BRAD BINDER KÖNNTE TOPRAK RAZGATLIOGLUS HILFE BRAUCHEN, WÄHREND SICH DIE ZUKUNFT VON BMW IM WORLD SUPERBIKE VERÄNDERT
3 Jul·

Die Zukunft von Brad Binder in der MotoGP gilt zunehmend als ungewiss. Der KTM-Pilot wird allgemein damit in Verbindung gebracht, dass sein Vertrag nach der Saison 2026 ausläuft – und im aktuellen Fahrerfeld ist keine klare Alternative erkennbar. Selbst ein Wechsel nach unten zum Satellitenteam Tech3 wird als unwahrscheinlich beschrieben, da KTM die längerfristigen Pläne bereits um eine Werksaufstellung für 2027 herum ausformt: Diese soll voraussichtlich Alex Marquez und Fabio Di Giannantonio umfassen, während Pedro Acosta zu Ducati wechseln soll. In demselben Bericht werden zudem Luca Marini und Senna Agius als Top-Kandidaten für Tech3 im Jahr 2027 genannt.
Da sich die MotoGP-Pfade damit verengen, rückt die World Superbike als mögliche Landestelle für Binder in den Fokus – insbesondere dann, wenn BMWs WSBK-Pläne neue Möglichkeiten eröffnen. Der entscheidende Entwicklungspunkt: BMW habe laut „Quellen“, die von GPOne zitiert werden, die Option nicht gezogen, Danilo Petrucci für 2027 zu behalten. BMW hatte bis zum 30. Juni Zeit, die Klausel für eine zweite Vertragsperiode zu ziehen. Verletzungen und mangelnde Form hätten dem Bericht zufolge jedoch dazu geführt, dass das Team mehr Zeit haben wollte, bevor es entscheidet, ob es Petrucci behält.
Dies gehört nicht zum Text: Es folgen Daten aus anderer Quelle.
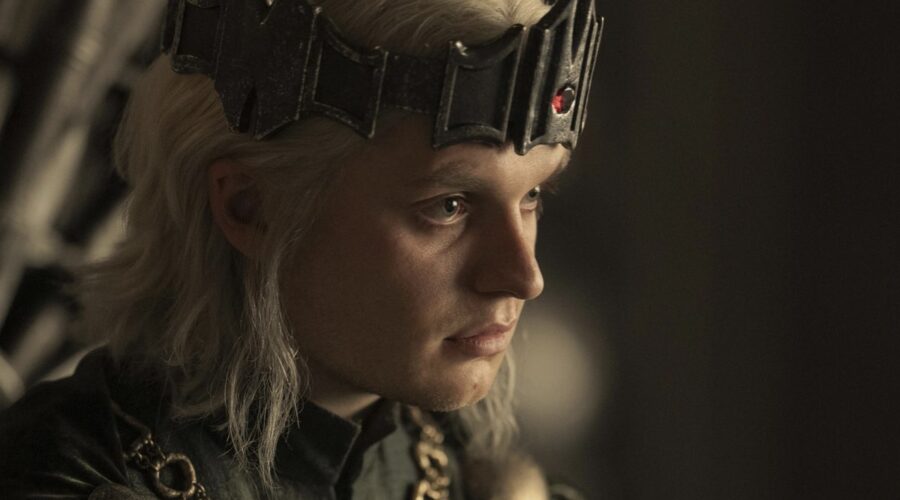 Tom Glynn-Carney (Aegon II Targaryen) in una scena di “House of the Dragon 2“. Credits: Courtesy of HBO/Sky Italia.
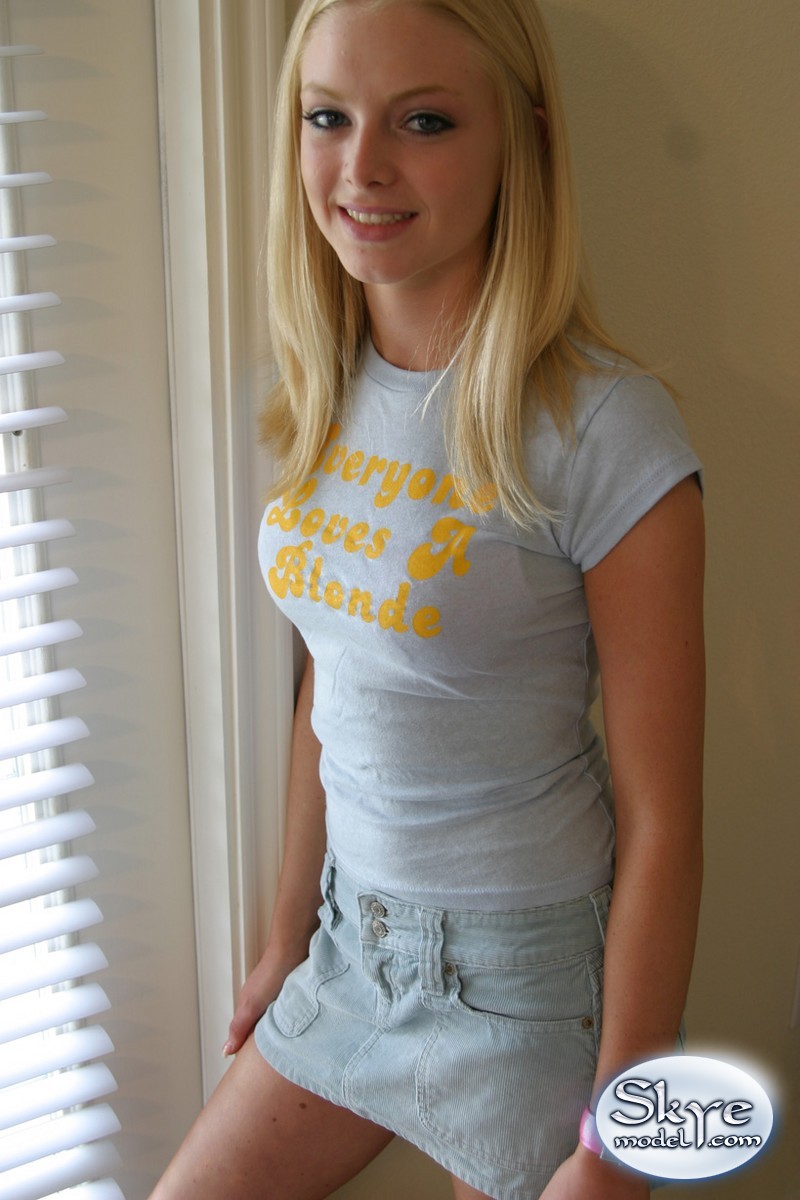 Blonde amateur Skye Model models by herself in a short skirt foto porno #428753189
Petrucci war in dieser Saison zu BMW gekommen, gemeinsam mit Miguel Oliveira, nachdem der deutsche Hersteller auf eine komplett neue Aufstellung umgestellt hat. Auch Olivieras Lage könnte sich schnell ändern: Der Bericht hält fest, dass er darauf abzielt, Nicolo Bulega bei Ducati zu ersetzen – damit wäre seine Zukunft bei BMW möglicherweise nicht über das laufende Jahr hinaus gesichert.
Selbst falls BMWs Kader für 2027 flexibler wird, deutet der Bericht darauf hin, dass es womöglich nur einen einzigen Platz gibt. BMW soll versuchen, den Moto2-Standout Manuel Gonzalez für den Schritt in die WSBK zu gewinnen – was die Chancen für jeden neu hinzukommenden Fahrer begrenzen könnte.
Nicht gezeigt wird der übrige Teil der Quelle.